Spalanie tkanki tłuszczowej może hamować wzrost raka skóry - zaobserwowali naukowcy z USA.
Ich praca, zamieszczona na łamach pisma "Proceedings of the National Academy of Sciences", pomoże w lepszym zrozumieniu związku pomiędzy dietą, otyłością a ryzykiem zachorowania na nowotwór złośliwy.
Z licznych dotychczasowych badań na zwierzętach i ludziach wynikało, że kaloryczna, tłusta dieta, jak również otyłość, mogą zwiększać predyspozycje do rozwoju raka różnych narządów.

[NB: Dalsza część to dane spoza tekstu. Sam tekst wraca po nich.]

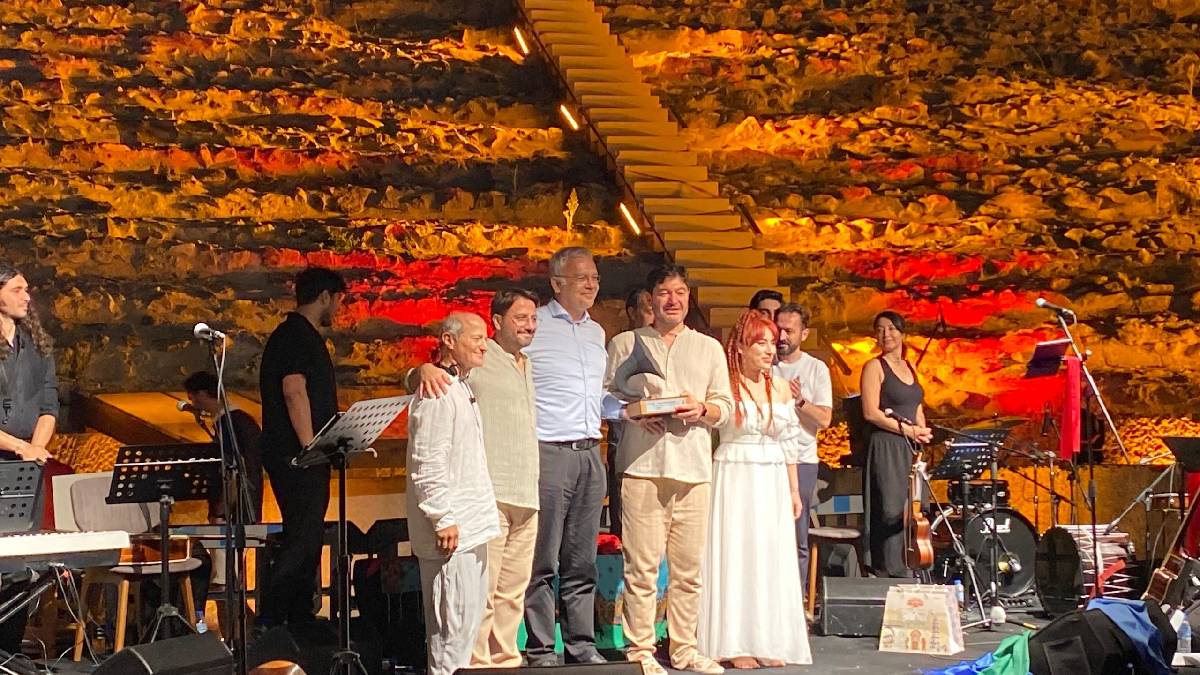 İzmir’de güneş ağaçları ile şarj dönemi başladı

Jednak dokładny mechanizm odpowiedzialny za to nie został dobrze poznany. Najnowsze badania naukowców z Uniwersytetu Stanu New Jersey w Rutgers przybliżają nas do zrozumienia tej zależności. Wynika z nich bowiem, że komórki tkanki tłuszczowej produkują związki, które pomagają przeżyć komórkom nowotworu.
Doświadczenia prowadzono na myszach, które naświetlano promieniami UV B. Kontakt z tym promieniowaniem jest uważany za główną przyczynę różnych typów raka skóry (zarówno czerniaka, jak i innych).
W rezultacie, u gryzoni rosły guzy skóry inne niż czerniak, albo też w komórkach skóry pojawiały się uszkodzenia DNA, mogące doprowadzić do wzrostu tych nowotworów. Jak zaobserwowali badacze, gryzonie, które posiadały więcej tkanki tłuszczowej miały większą liczbę guzów.
Następnie, w klatkach niektórych myszy umieszczono kołowrotki, na których zwierzęta bardzo lubią biegać.
Po 2 tygodniach myszy, które miały dostęp do kołowrotków i korzystały z nich (biegając średnio 3,2 km do 4,8 km dziennie) spaliły sporo tkanki tłuszczowej.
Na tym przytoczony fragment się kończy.